=== Prompt ===
Look through the records below for the line with "وازلین ویرا لوکس VERA LUXEمعطر و با کیفیت" and the line with "MainStay Suites Emporia", then return those lines and all lines between, exactly.

[Dataset content — start]

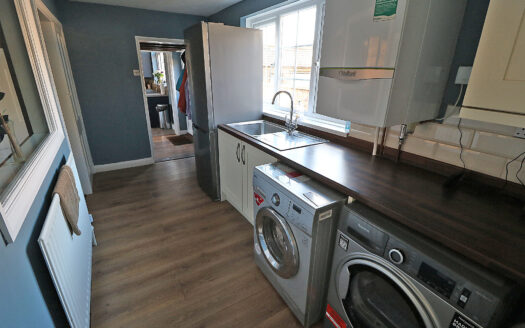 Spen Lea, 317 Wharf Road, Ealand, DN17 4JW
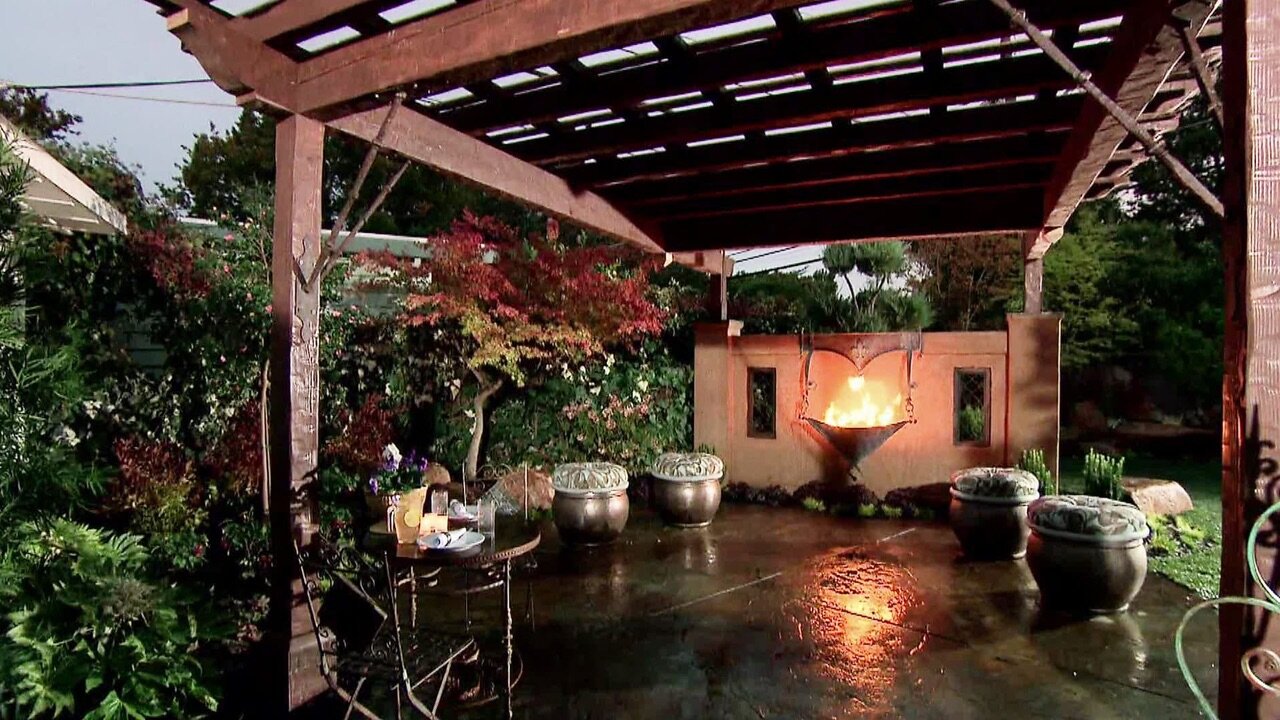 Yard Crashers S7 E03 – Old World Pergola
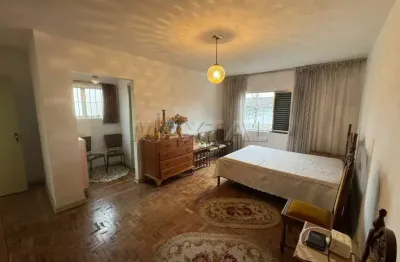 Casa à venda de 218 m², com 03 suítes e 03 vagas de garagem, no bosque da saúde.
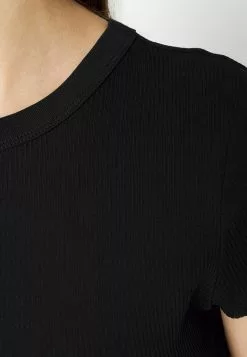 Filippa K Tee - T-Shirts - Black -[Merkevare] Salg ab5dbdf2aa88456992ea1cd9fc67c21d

[Dataset content — finish]
[Dataset content — start]

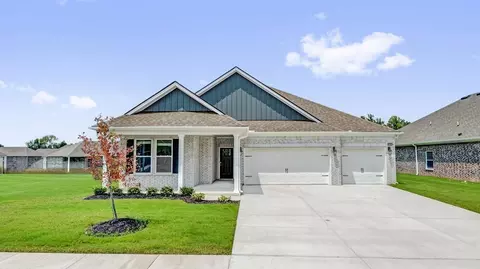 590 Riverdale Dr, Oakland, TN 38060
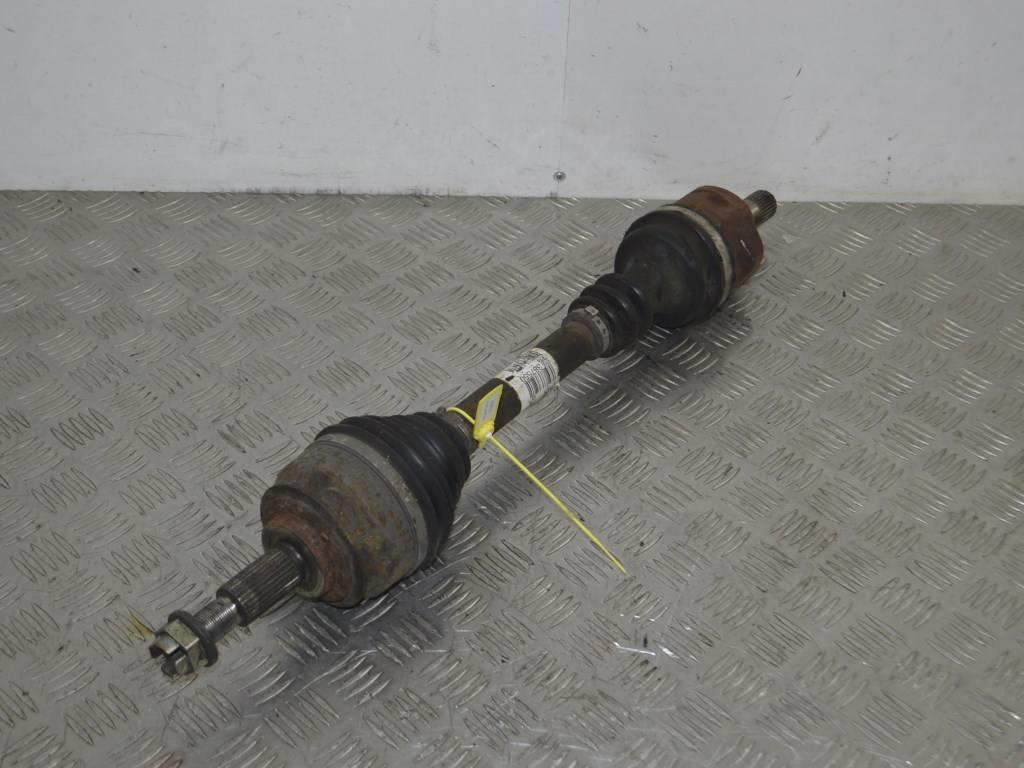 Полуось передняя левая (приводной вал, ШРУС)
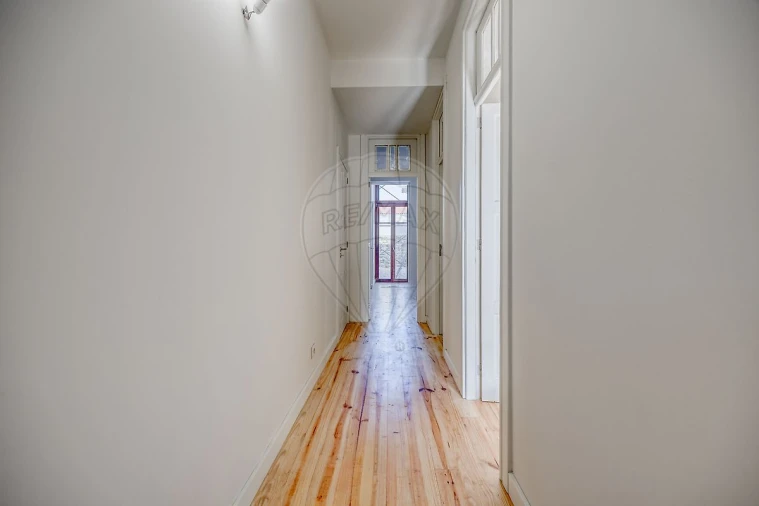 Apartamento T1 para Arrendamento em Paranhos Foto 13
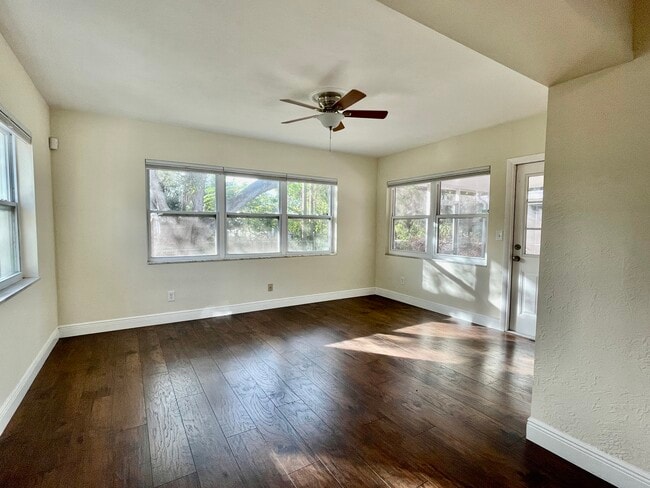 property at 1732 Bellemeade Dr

[Dataset content — finish]
[Dataset content — start]

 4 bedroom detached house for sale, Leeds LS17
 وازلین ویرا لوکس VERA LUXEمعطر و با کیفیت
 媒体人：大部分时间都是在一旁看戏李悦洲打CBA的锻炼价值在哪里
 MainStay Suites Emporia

[Dataset content — finish]

=== Exercise response ===
 وازلین ویرا لوکس VERA LUXEمعطر و با کیفیت
 媒体人：大部分时间都是在一旁看戏李悦洲打CBA的锻炼价值在哪里
 MainStay Suites Emporia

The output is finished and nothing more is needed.